Dystopian Author Christopher Brown Truly Lives on the Edge
The writer’s home, which is partly buried deep in the earth, integrates with nature just a few miles from downtown Austin.
https://www.texasmonthly.com/style/c...-house-austin/
The East Austin home of lawyer and critically acclaimed novelist Christopher Brown is difficult to see from the street, and not just because it sits at the back of a one-acre lot near the Colorado River. Called the Edgeland House, which the architects loosely modeled on a Native American pit house, the dwelling is buried some seven feet into the earth. The structure’s two separate triangular roofs blend seamlessly into the landscape. In fact, because they also serve as a miniature Texas blackland prairie habitat, they are very much a part of it.

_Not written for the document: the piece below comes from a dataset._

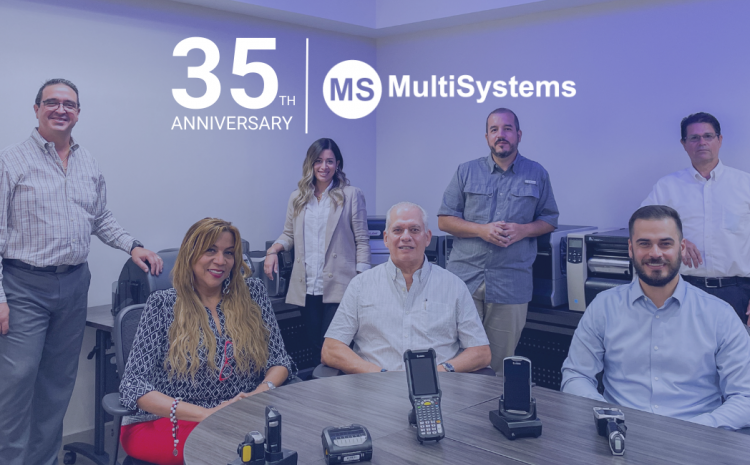  Celebrating 35 Years: An Interview with Radamés del Mazo, President of MultiSytems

The roofs were spiky-haired and wild with plants when I met with Brown on a late fall afternoon. I followed the writer and his rescue dog, Lupe, along a rocky path in his purposefully overgrown front yard. He pointed out a family of sunflowers, all taller than myself, and gave me a heads-up to sidestep a spiderweb that was under construction. I also narrowly missed walking into an armadillo burrow, and then I almost crushed the largest grasshopper I’d ever seen. Feeling the urge to put my shirt collar up to protect against more insects, I was glad I’d worn sensible boots.